*TASK DETAILS*. Extract precisely the lines that run from the line containing "Equip 2-Port German Faceplate" to the end of the records below, with both ends included and pictures omitted.
[Opening RECORDS FOR THIS TASK section]
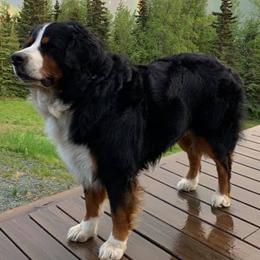 Bernese Mountain Dog All Grown Up from Darlis Meyer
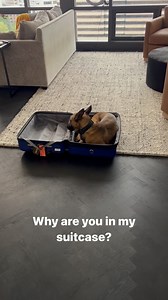 1.1K views · 34 reactions | Code Red Lifestyle on Reels | Facebook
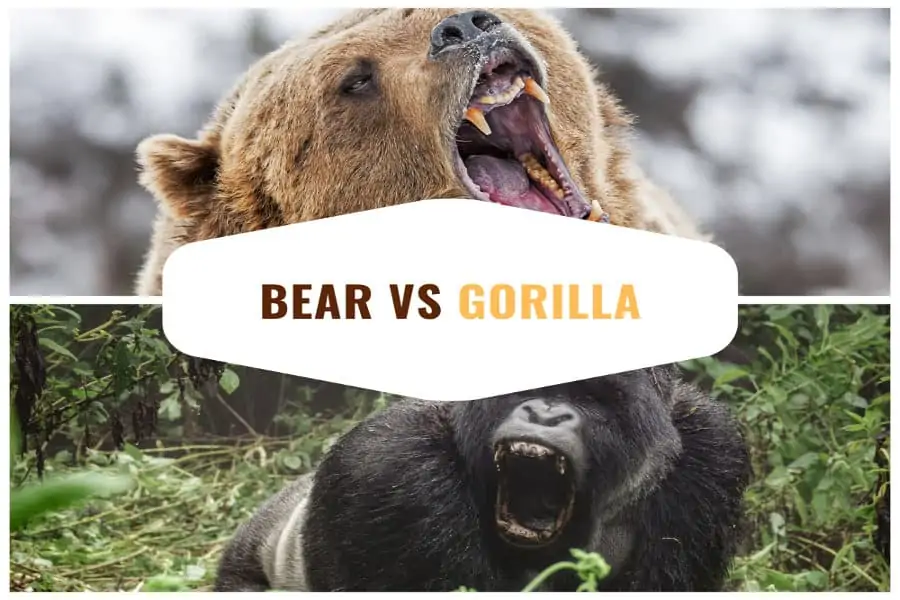 Bear vs gorilla fight - who would win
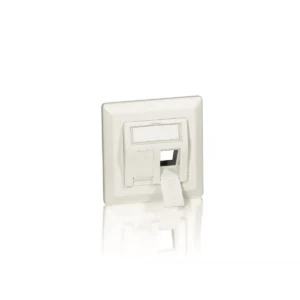 Equip 2-Port German Faceplate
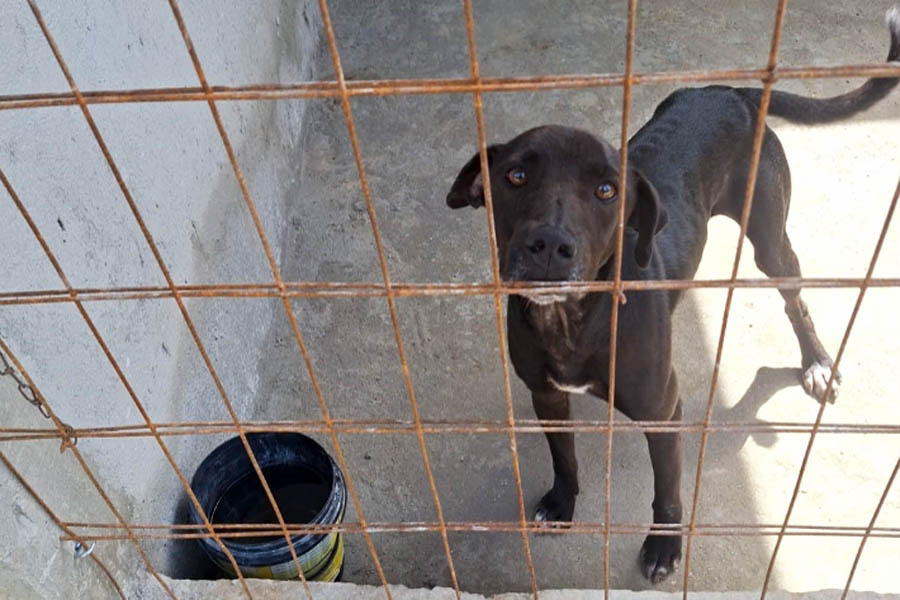 Divulgação/Prefeitura de Santos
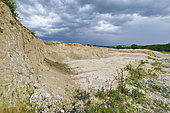 Quarry in operation, nesting site of European Bee-eater (Merops apiaster), Sand Martin (Riparia riparia) and Little ringed Plover (Charadrius dubius), Oselle, Doubs, France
[Closing RECORDS FOR THIS TASK section]
*SOLUTION FOR THIS EXERCISE*.
 Equip 2-Port German Faceplate
 Divulgação/Prefeitura de Santos
 Quarry in operation, nesting site of European Bee-eater (Merops apiaster), Sand Martin (Riparia riparia) and Little ringed Plover (Charadrius dubius), Oselle, Doubs, France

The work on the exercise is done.